Ma in particolare, giustamente si sono levati fischi contro la Camusso – certo, troppo insufficienti. Mentre parlava, una donna diceva: “sì, viene a parlare quà di difesa del lavoro delle donne, ma poi ha firmato l'accordo...”. La Camusso che va a Siena per dire “senza lavoro le donne saranno sempre più deboli... vengono buttate fuori appena arriva la crisi”, mentre è ancora fresca dell’abbraccio con la Marcegaglia per l’accordo che permette alle aziende di poter adattare diritti, condizioni lavorative secondo le loro esigenze produttive e di mercato, e quindi di poter buttare fuori per prima le donne, come sta già avvenendo ormai senza neanche più nasconderlo da parte dei padroni, andava cacciata. La Camusso si è comportata come i tanti politicanti e sindacalisti maschi, che sui palchi dicono una cosa e poi fanno altro. E il fatto che comunque abbia potuto tranquillamente parlare e riceve anche applausi è la normale nefasta conseguenza della ideologia “purchè siano donne, tutto va bene…”, del ceto politico presente, della prevalente composizione di classe, piccolo e medio borghese, della 2 giorni di Siena.

Queste donne, questo uso da parte delle donne del “potere” piace ed è consentito dagli uomini al potere economico e politico, dai partiti di destra come di opposizione, in primis il PD, perché non mette in discussione la sostanza del loro potere – anche la costruzione di questa manifestazione a Siena ha visto un concerto di forze e contributi sospetto (dalla Fondazione Monte dei Paschi di Siena, al Sindaco di Siena, da imprenditori locali, all’eco dato dalla stampa anche esplicitamente padronale, come il Corriere della Sera, ecc.).
Si tratta di storie di ordinaria servitù; che diventano ancora più pericolose quando, come oggi, si tratta di servitù in un sistema politico di moderno fascismo e di fascismo padronale, che soprattutto per le donne porta avanti un moderno medioevo.

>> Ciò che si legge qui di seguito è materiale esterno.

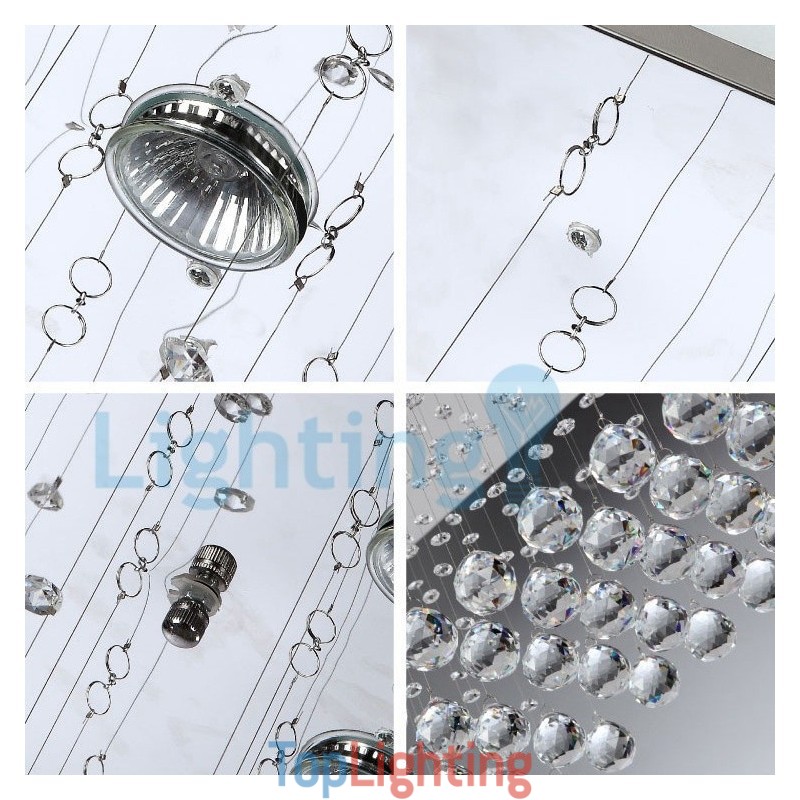 Modern Contemporary Chandelier Flush mount Pendant Fixture Crystal Rain Drop Light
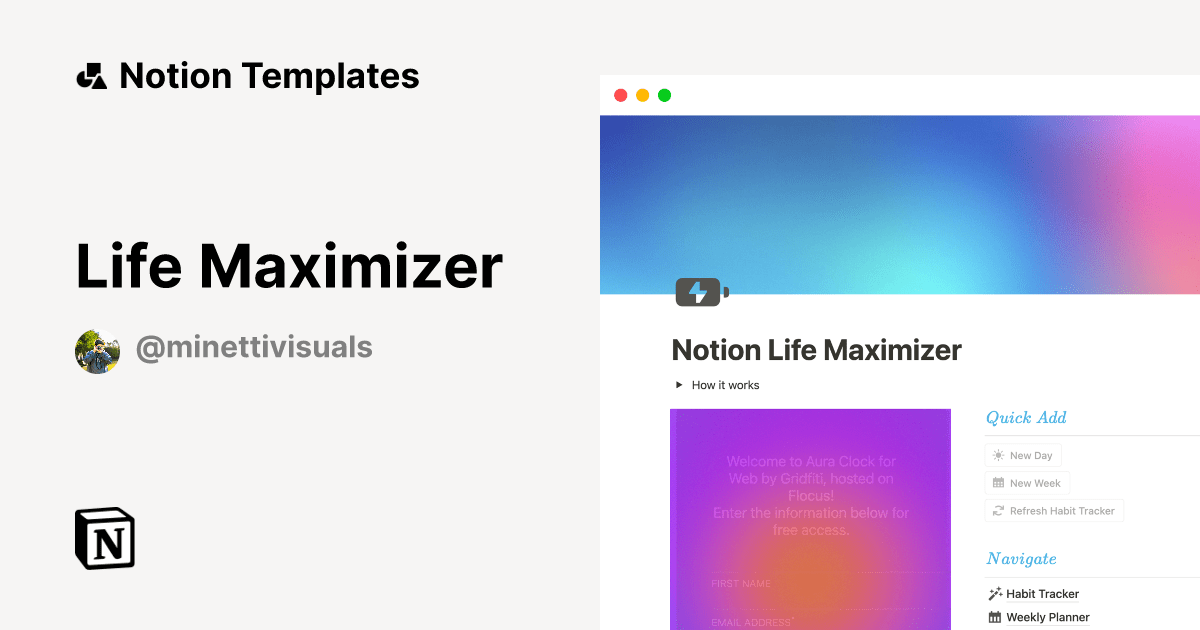 Life Maximizer by Hugo Visuals Notion Template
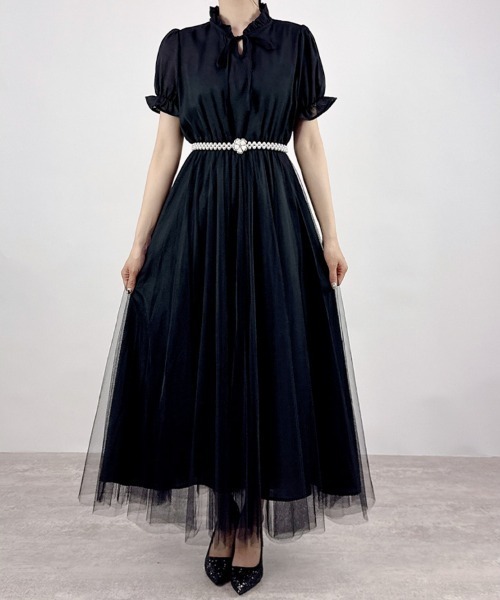 CLOTHY(クロシィ)の「【オケージョンやお出かけにも◎】パールベルト付きドレス(ドレス・レディース・ベージュ/ブラック・MEDIUM)」の21枚目の写真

Non basta certo denunciare a parole tutto questo. E’ necessaria un’altra strada, un'altra politica indipendente da questo vecchio e nuovo politicantismo, un'altra ideologia 'di parte', un altro movimento di lotta.

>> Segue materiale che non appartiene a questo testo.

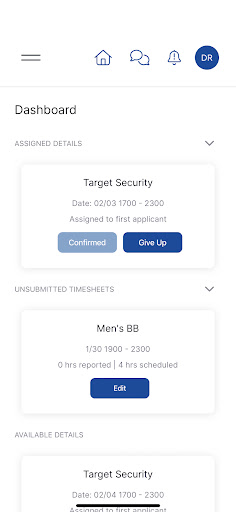 Off Duty Blue Officer App Screen 2
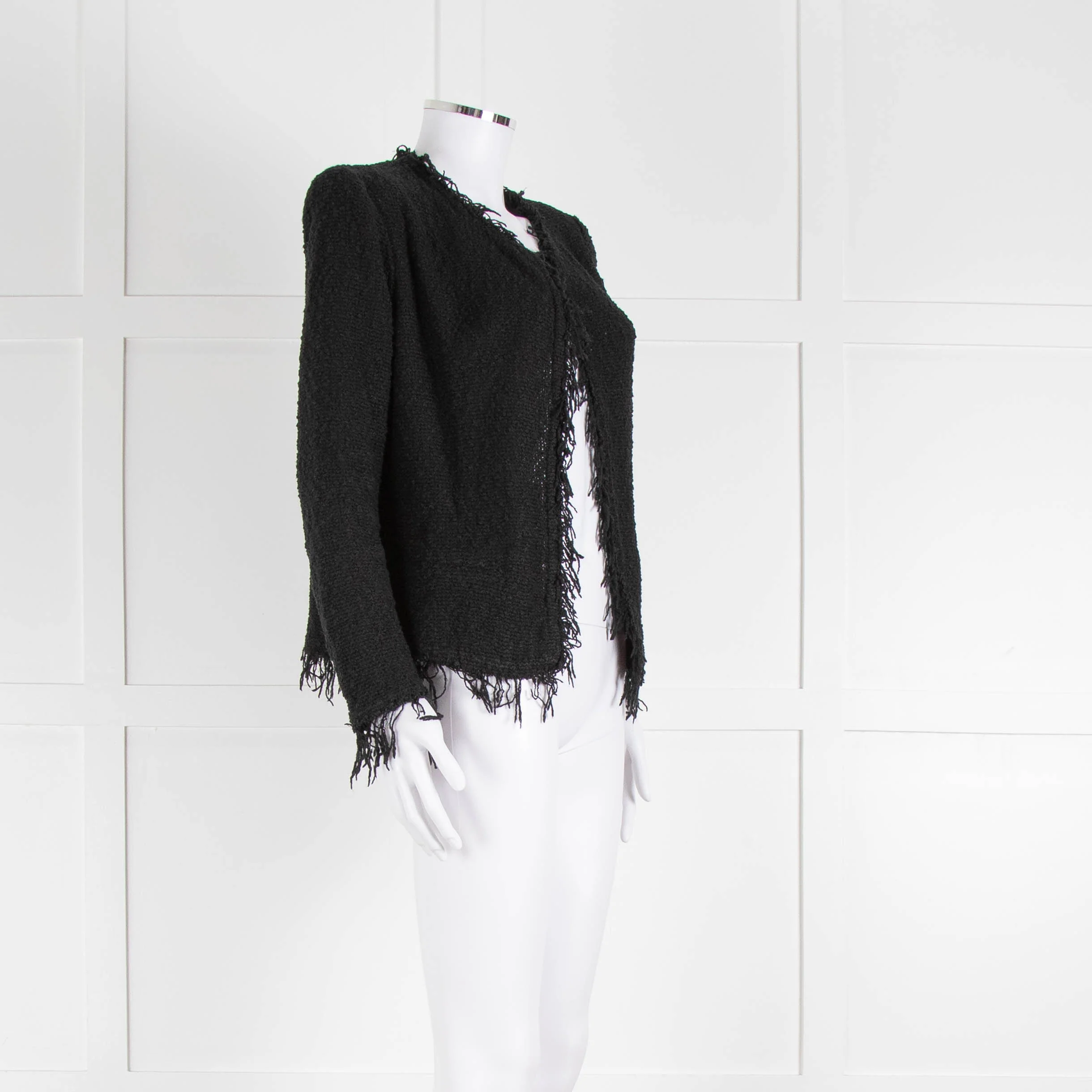 Iro Black Cotton Knitted Fringe Jacket - Image 2
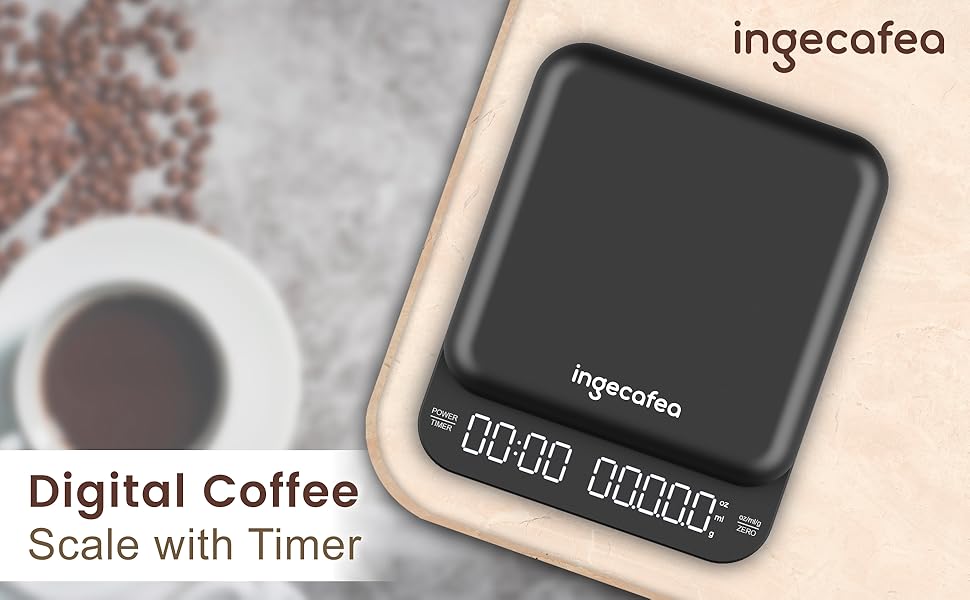 Espresso Scale with Timer, Ingecafea Digital Coffee Scale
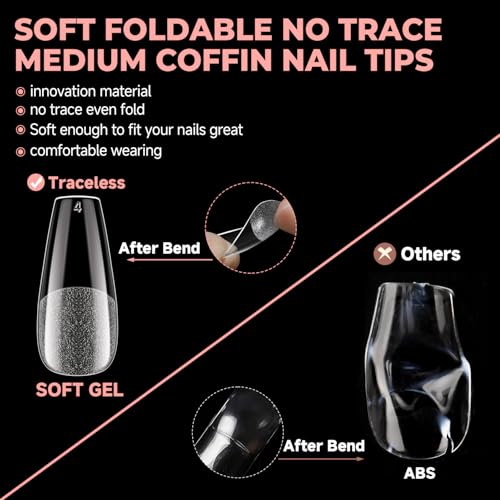 UNA GELLA Medium Coffin Nail Tips 504Pcs, 12 Sizes – Pre-Buffed, Half Matte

Un movimento che sia femminista per esprimere con forza, determinazione la ribellione delle donne contro tutti gli aspetti di oppressione di questo sistema e dei/delle loro lacchè; che sia proletario, cioè della maggioranza delle donne, lavoratrici, precarie, di oggi o di domani, che sono doppiamente sfruttate e oppresse; che sia rivoluzionario perché la liberazione, la battaglia di dignità delle donne, la lotta contro i pesanti attacchi alle condizioni di lavoro e di vita, non è frutto di un’entrata delle donne in questo sistema, ma del suo rovesciamento.

Oggi questa strada richiede lo sciopero totale delle donne, che intrecci la ribellione di genere alla ribellione di classe. Uno sciopero che sicuramente non piacerà né alle Camusso, né ai Bersani, né alle Marcegaglia; uno sciopero che sicuramente non vedrà accorrere benevole testate di stampa o televisioni, che anzi faranno di tutto per oscurarlo o attaccarlo; uno sciopero che sicuramente non vedrà nessuna regista mettere la sua esperienza a sostegno di questa che sarebbe un’effettiva novità. Ma uno sciopero che apre la strada necessaria.
Occorre unire le forze, lavorare per questo sciopero. Altrimenti anche ogni giusta denuncia della due giorni di Siena resta impotente e, come è già successo dopo il 13 febbraio – nonostante varie e importanti lotte di lavoratrici, precarie, donne – ciò che va avanti, chi ha “voce”, chi si pone come “rappresentante” dei bisogni delle donne sono quelle che contribuiscono all’attuale condizione delle donne.